O New York Times noticiou que a capitulação dos Clintons se seguiu a um período de forte resistência, durante o qual prometeram combater indefinidamente os esforços de Comer. No entanto, alguns democratas no painel juntaram-se aos republicanos numa votação para recomendar acusar os Clintons de desacato ao Congresso, potencialmente influenciando a sua decisão de cooperar.
Em outras notícias políticas, a Procuradora-Geral Pam Bondi criticou o ex-âncora da CNN Don Lemon por defender ações num protesto anti-ICE numa igreja de Minnesota como um "ato de jornalismo", noticiou a Fox News. Bondi, falando em "Hannity", referiu-se à prisão de mais duas pessoas em conexão com o protesto. "Então, qualquer pessoa com uma câmara seria autorizada, sob a teoria de Lemon, a entrar e atacar uma igreja como aquela e tumultuar uma igreja num domingo de manhã", disse ela. "Não se pode fazer isso neste país. É ilegal, vamos processá-lo e será responsabilizado."
A Planned Parenthood também anunciou que estava voluntariamente a retirar o seu processo contestando a capacidade da administração Trump de reter pagamentos do Medicaid sob uma disposição no projeto de lei fiscal do Presidente Trump, de acordo com a Fox News. A organização processou em julho depois de Trump ter assinado um projeto de lei de gastos que incluía a proibição de financiamento federal para prestadores de serviços de aborto, argumentando que visava injustamente as suas clínicas e deixaria os pacientes com menos opções de cuidados de saúde.
Entretanto, o Líder da Minoria Democrata na Câmara, Hakeem Jeffries, criticou os Republicanos, afirmando que eles "done effd up in Texas" [fizeram porcaria no Texas], conforme noticiado pela Fox News. Durante uma conferência de imprensa no Capitólio dos EUA, Jeffries acusou o GOP de exagerar no redistritamento e previu que não conseguiriam conquistar cinco assentos no Congresso. Ele referiu-se a uma recente corrida ao senado estadual do Texas em que um Democrata conquistou um assento num distrito que o Presidente Donald Trump venceu em 2020, sugerindo uma potencial reação contra o GOP.

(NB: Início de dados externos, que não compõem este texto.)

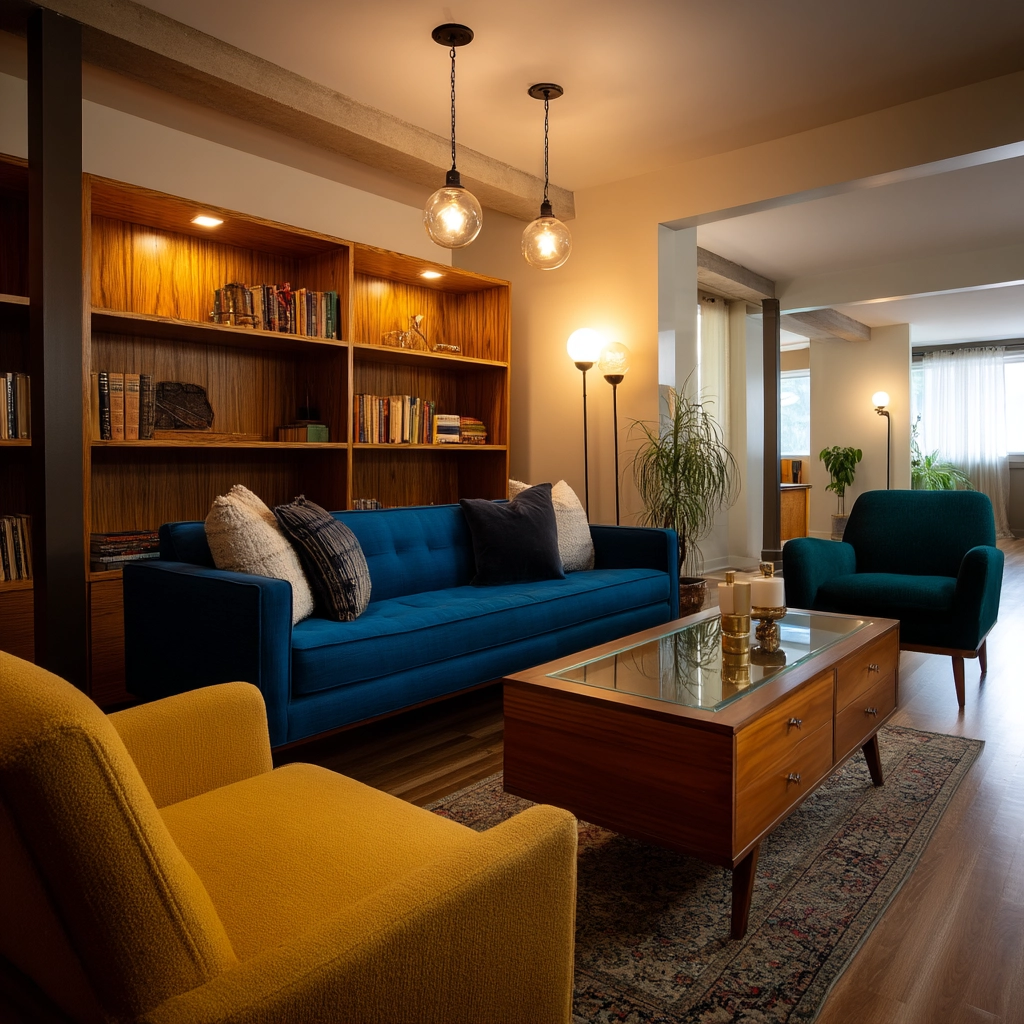 Colorful Living Room Ideas 76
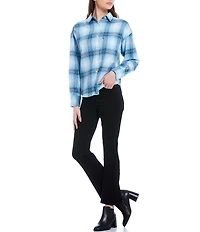 Levi's® 314 Shaping Straight Leg Mid Rise Jeans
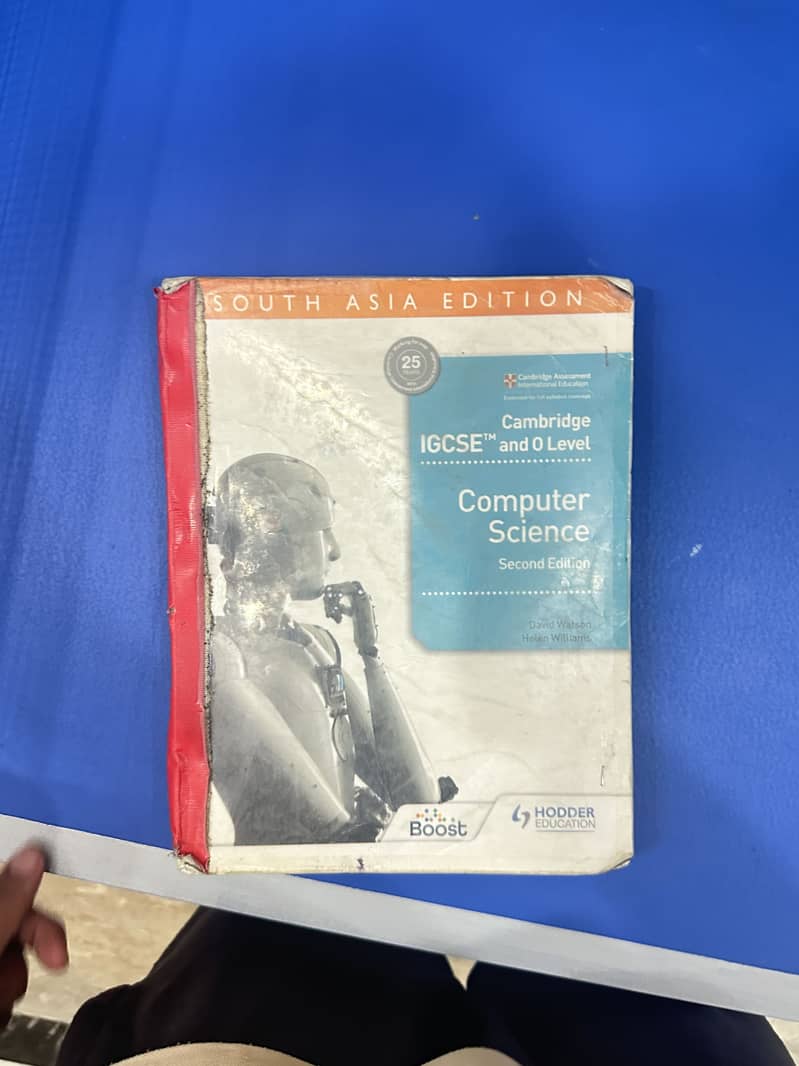 Computer Science. 0
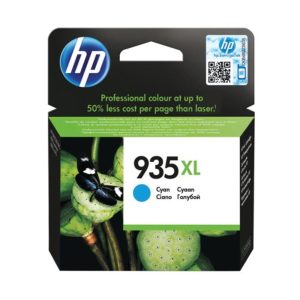 genuine hp 935xl cyan
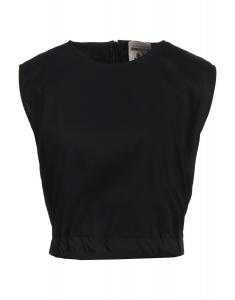 Топ Semicouture, черный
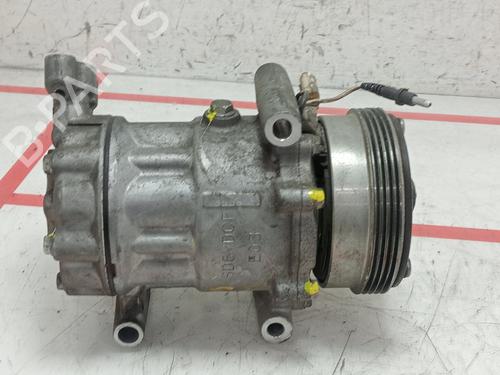 AC compressor DACIA SANDERO | BP25443410M34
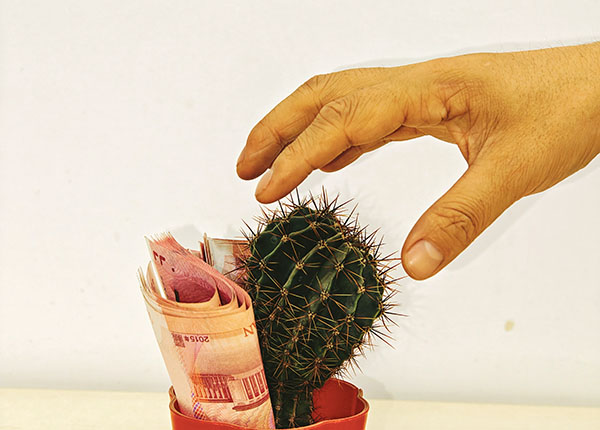 2二等獎：莫伸手—彬州水汽樊釗、蘇詳（說明：茍非吾之所有，雖一毫而莫?。?jpg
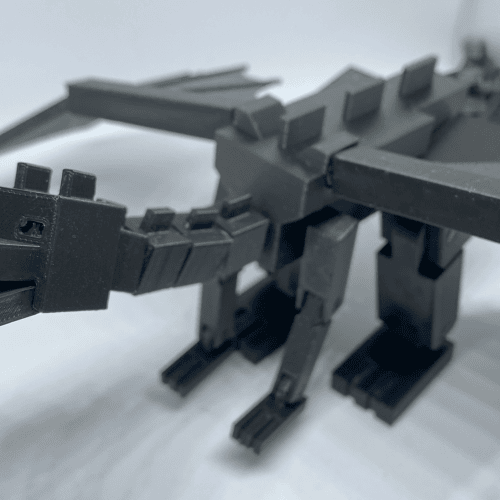 Ender dragon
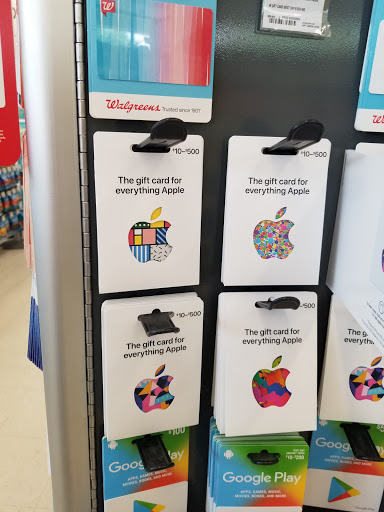 Drug Store «Walgreens», reviews and photos, 1490 Rock Springs Rd, Apopka, FL 32712, USA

Num desenvolvimento separado, Jeannine Pirro, a procuradora dos EUA para o Distrito de Columbia, ameaçou com pena de prisão qualquer pessoa que entre na capital com uma arma, de acordo com o New York Times. "Se alguém trouxer uma arma para o Distrito, lembrem-se das minhas palavras, vão para a prisão", afirmou Pirro na Fox News. "Não me importa se tem uma licença noutro distrito e não me importa se é um proprietário de armas cumpridor da lei noutro lugar." As suas observações provocaram uma reação da ala pró-Segunda Emenda do Partido Republicano.